If you want to join me as I delve deeper into the significance of “showing your work” and cover the essential elements and benefits of reproducible, transparent analytical research, I invite you to keep reading.
Importance of Reproducibility and Explainable Machine Learning
Reproducibility is a fundamental principle of scientific research that holds tremendous significance in data science, given the complex methods often used. It refers to the ability to recreate an analysis and its outcomes independently using the same data and code initially employed. Without obtaining consistent computational results using the same input data, logical steps, procedures, code, and analysis conditions, we disable ourselves as a community from verifying the accuracy and reliability of scientific findings, thus obstructing transparency and accountability in our shared collective knowledge.
To ensure the integrity of scientific research, it is crucial to consider not only reproducibility but also replicability.
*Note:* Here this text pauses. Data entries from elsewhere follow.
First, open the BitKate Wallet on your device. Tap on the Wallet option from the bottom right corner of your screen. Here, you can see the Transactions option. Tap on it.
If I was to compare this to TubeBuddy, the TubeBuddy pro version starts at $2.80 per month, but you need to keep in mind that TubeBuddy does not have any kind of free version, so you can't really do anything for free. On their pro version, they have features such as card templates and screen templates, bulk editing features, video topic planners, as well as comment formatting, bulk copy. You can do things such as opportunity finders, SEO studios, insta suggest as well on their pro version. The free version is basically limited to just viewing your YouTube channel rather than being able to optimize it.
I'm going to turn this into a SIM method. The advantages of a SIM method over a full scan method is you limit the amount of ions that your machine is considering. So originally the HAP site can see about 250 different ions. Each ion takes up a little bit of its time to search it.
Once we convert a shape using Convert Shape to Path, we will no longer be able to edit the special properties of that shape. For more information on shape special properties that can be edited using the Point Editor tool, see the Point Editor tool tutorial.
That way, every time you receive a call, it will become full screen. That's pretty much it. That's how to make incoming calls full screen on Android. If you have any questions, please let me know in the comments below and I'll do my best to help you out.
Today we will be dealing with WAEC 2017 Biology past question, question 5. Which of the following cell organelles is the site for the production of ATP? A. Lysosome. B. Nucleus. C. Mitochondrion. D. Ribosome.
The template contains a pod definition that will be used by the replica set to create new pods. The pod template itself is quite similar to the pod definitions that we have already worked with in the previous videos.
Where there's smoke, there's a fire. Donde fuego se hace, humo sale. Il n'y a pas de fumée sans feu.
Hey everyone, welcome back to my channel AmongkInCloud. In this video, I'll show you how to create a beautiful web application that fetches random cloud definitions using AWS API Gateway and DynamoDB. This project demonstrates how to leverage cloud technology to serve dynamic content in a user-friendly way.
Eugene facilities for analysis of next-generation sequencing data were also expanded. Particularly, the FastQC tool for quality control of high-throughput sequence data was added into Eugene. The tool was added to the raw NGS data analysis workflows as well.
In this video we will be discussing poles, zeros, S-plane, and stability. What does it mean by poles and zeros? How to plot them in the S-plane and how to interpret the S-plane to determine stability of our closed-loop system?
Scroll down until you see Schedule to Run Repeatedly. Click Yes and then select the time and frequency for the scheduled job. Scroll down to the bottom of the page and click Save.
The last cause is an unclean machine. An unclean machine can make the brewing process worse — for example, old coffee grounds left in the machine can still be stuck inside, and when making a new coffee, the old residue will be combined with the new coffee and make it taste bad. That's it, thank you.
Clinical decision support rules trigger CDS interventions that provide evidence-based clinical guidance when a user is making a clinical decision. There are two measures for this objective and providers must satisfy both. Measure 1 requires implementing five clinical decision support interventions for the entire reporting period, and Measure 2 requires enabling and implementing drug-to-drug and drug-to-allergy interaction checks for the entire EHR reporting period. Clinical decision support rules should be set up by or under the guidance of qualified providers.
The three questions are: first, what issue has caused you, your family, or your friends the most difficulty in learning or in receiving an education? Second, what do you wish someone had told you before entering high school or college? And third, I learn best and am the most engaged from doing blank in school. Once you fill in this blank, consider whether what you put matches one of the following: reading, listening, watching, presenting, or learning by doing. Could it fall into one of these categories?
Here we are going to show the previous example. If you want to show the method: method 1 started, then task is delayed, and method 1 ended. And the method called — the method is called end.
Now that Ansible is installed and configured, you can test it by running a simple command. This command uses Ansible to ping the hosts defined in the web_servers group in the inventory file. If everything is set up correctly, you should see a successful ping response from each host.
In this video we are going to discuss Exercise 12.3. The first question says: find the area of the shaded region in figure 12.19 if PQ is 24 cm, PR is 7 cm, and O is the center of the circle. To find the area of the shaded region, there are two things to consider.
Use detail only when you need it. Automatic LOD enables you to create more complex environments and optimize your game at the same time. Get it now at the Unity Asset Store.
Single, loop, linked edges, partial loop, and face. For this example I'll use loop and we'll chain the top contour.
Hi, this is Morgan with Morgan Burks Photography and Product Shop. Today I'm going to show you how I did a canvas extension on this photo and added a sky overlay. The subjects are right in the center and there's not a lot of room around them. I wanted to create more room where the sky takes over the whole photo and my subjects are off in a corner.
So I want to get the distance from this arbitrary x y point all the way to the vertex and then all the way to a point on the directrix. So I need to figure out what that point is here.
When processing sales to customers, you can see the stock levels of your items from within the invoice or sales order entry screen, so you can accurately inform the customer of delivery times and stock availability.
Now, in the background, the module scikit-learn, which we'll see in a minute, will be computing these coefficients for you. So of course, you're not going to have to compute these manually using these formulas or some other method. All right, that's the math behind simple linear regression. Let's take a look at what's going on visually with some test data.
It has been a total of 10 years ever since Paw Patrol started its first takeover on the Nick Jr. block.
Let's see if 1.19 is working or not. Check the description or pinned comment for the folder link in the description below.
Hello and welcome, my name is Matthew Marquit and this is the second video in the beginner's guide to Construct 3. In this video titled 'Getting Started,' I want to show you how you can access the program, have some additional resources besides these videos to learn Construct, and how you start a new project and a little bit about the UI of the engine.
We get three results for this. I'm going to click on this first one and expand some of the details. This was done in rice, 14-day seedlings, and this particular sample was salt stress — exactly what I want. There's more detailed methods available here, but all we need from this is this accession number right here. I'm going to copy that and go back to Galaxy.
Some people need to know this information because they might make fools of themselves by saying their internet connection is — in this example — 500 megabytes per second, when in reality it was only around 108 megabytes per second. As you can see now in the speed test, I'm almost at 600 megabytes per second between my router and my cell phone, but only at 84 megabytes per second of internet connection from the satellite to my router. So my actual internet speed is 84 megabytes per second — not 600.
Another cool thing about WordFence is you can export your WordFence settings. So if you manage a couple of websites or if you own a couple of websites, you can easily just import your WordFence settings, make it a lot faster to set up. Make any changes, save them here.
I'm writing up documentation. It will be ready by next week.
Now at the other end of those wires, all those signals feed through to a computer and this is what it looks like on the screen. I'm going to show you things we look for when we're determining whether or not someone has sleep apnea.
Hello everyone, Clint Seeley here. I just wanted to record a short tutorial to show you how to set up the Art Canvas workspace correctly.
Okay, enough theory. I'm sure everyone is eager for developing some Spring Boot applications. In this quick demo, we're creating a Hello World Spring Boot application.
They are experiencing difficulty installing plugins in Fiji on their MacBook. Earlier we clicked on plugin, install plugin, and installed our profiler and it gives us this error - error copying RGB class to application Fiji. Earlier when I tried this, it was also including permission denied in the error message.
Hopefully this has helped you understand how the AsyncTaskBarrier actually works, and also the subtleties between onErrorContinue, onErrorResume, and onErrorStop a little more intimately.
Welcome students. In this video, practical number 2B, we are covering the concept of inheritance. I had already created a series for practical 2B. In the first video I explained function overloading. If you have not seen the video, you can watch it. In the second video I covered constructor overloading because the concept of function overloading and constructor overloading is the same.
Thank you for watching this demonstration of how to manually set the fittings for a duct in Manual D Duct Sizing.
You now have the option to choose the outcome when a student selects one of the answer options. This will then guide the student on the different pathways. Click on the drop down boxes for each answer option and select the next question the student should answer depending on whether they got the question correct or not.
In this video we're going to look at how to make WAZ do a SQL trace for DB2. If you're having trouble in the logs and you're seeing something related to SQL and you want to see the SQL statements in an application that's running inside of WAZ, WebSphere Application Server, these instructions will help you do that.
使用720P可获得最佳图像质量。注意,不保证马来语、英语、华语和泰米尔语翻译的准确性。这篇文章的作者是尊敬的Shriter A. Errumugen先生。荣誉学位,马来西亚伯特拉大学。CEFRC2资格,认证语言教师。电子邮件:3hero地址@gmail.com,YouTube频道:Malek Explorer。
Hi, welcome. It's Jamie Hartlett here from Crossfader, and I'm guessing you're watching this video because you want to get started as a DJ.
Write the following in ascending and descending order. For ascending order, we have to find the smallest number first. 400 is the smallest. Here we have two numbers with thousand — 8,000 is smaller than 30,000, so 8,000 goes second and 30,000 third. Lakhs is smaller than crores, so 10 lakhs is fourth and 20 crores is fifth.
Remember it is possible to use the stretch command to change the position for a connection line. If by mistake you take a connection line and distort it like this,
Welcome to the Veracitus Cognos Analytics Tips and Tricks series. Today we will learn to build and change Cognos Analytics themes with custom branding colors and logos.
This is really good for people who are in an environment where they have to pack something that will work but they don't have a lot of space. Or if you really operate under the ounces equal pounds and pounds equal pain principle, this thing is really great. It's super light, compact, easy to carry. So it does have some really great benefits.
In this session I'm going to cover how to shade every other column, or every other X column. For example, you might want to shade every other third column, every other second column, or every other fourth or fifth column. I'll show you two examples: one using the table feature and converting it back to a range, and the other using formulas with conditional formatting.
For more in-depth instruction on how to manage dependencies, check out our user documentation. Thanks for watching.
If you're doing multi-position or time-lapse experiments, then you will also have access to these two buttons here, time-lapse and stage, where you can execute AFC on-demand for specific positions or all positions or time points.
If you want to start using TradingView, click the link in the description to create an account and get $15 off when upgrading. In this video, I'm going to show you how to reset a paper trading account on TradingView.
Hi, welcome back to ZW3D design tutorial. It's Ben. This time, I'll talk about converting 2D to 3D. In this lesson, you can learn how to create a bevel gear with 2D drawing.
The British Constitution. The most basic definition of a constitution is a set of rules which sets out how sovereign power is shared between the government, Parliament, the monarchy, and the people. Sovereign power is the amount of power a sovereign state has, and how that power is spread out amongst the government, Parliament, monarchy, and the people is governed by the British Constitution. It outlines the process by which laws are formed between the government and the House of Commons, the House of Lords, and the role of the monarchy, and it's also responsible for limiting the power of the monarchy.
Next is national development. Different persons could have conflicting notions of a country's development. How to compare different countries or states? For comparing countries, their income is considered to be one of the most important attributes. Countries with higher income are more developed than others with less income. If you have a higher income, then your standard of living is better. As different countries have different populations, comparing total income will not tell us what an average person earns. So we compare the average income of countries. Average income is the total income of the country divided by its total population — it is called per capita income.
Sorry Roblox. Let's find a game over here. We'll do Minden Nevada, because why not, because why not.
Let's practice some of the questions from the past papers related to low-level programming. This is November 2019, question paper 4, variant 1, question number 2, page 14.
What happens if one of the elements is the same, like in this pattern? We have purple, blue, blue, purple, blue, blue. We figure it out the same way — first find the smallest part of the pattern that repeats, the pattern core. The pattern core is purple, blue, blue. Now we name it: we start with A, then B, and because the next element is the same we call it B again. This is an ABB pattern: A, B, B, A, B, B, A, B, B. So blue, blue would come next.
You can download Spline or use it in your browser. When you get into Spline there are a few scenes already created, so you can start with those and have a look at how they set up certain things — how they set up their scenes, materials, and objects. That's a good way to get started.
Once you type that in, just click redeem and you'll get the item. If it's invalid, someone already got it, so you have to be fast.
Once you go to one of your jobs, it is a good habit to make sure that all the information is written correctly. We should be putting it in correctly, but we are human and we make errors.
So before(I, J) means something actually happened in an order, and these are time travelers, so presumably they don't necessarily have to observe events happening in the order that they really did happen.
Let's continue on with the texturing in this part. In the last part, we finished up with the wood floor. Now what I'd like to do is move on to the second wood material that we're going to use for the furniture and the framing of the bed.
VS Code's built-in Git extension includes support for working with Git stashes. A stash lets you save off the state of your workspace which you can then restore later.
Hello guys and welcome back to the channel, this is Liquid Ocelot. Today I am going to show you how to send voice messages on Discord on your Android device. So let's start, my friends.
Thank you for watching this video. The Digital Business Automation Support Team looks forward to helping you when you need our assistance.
Replicability refers to the ability of an independent experiment targeting the same scientific question to produce consistent results using newly collected data. These two concepts, while related, serve distinct purposes. Reproducibility helps us ensure findings are not due to random errors or biases while replicability ensures that the findings are generalizable and not specific data collection.
While both reproducibility and replicability are essential, replicability can be expensive, especially for large-scale projects. For instance, obtaining comparable data or samples, funding a research team, and avoiding copyright or ethical issues can be challenging when replicating an experiment.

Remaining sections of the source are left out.